Introdução
O síndrome de Ehler-Danlos tipo hipermóvel (tipo III, OMIM #130020) (EHD III) é uma patologia do tecido conjuntivo autossómica dominante, cuja etiologia genética permanece desconhecida na maioria dos casos. O diagnóstico assenta em critérios clínicos mal definidos, com grande variabilidade fenotípica, admitindo-se uma prevalência de 1/100 a 1/5000.1
Trata-se de uma doença caracterizada por hipermotilidade articular, hiperextensibilidade da pele e fragilidade dos tecidos, associado a uma variedade de queixas multisistémicas como palpitações, síncope, diarreia, obstipação e alterações da termorregulação.2
As manifestações de disautonomia descritas nestes doentes incluem síndrome de taquicardia postural ortostática (POTS) 1, 2, aumento da actividade simpática em repouso, diminuição da capacidade adaptativa a alterações cardiovasculares agudas, incapacidade de gerar um nível de vasoconstrição periférica adequado. Os sintomas podem ser provocados pelo ortostatismo, exercício físico, refeições, ambientes quentes ou banhos quentes. O mecanismo não se encontra completamente esclarecido; tem um componente de neuropatia periférica mas também de excessiva distensibilidade dos vasos sanguíneos que leva a um menor retorno venoso.2
Além da disautonomia com repercussão nos mecanismos de adaptação cardiovasculares, os doentes com EHD III também podem apresentar envolvimento cardiovascular por outros mecanismos que consistem em a) discreto prolongamento do intervalo PR e da onda P; b) arritmias cardíacas e excesso na conductividade cardíaca; c) insuficiência mitral e tricúspide frequentemente associada a prolapso mitral.
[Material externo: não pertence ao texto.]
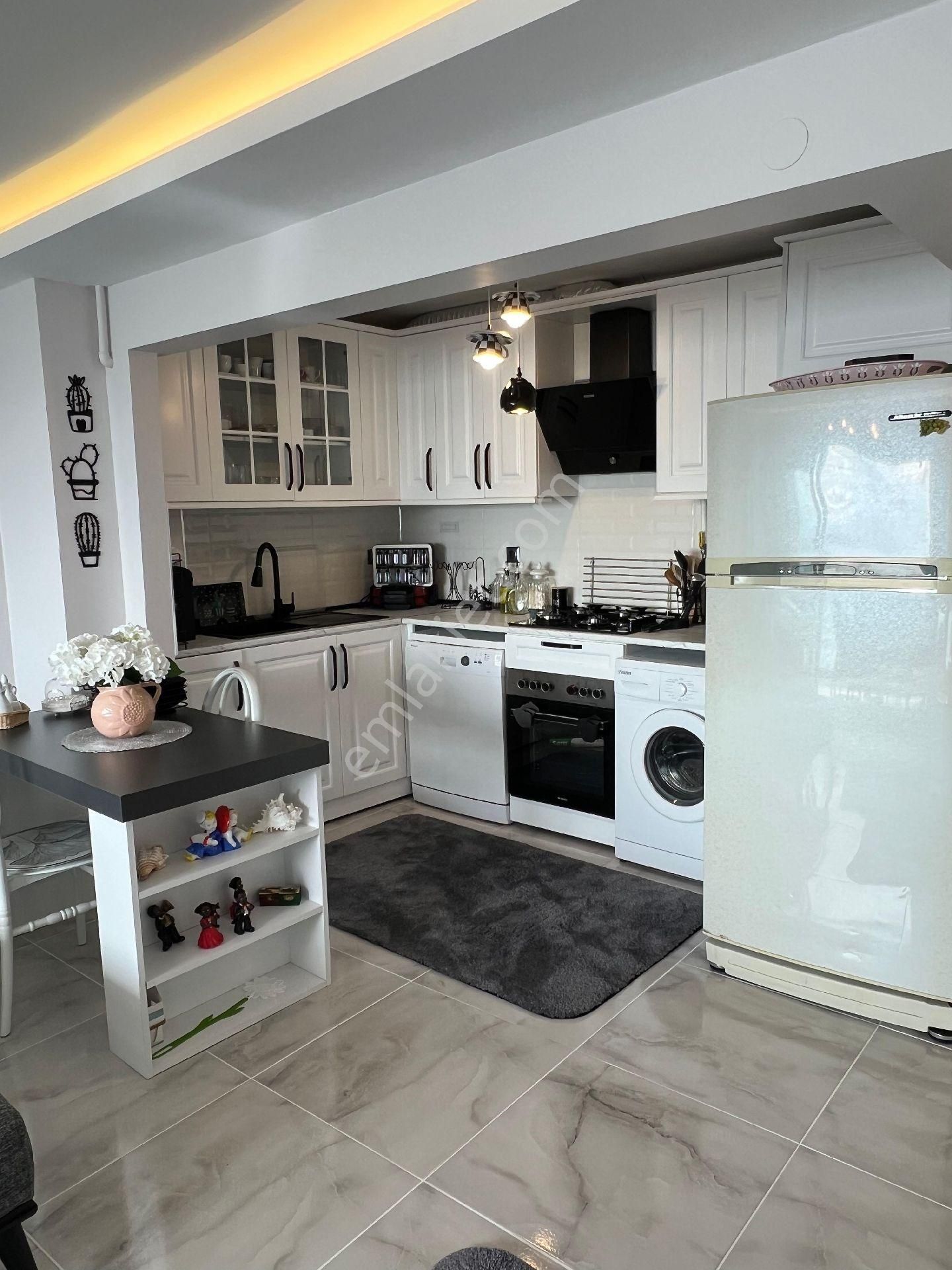 Tiyap'tan Büyükçekmece Celaliye’de Denize Sıfır 1+1 Satılık Yalı Daire - Görsel 8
O significado destas alterações ainda não é claro pelo que as suas consequências a longo prazo não são conhecidas.3
Caso clínico
Os autores descrevem um caso de uma mulher de 49 anos, enfermeira de profissão, que se apresentava com um quadro de 11 anos de evolução, de agravamento progressivo, de lipotímias e sincope, ocasionais, com pródomos de tonturas, aquando da posição ortostática, com recuperação completa e imediata e com uma duração de poucos segundos, sem aparentes movimentos involuntários ou incontinência de esfíncteres. Da investigação prévia, destaca-se documentação de taquicardia sinusal com o ortostatismo, tendo sido medicada com beta-bloqueante com ligeira melhoria do quadro. Realizou no nosso Centro uma avaliação do Sistema Nervoso Autónomo (SNA), que mostrou falência do baroreflexo, sem hipotensão ortostática; no entanto, à data estava medicada com midodrine, ivrabradina, fludrocortisona, o que dificultava a interpretação dos resultados. Foi internada para suspensão da terapêutica e repetição das provas de sistema nervoso autónomo.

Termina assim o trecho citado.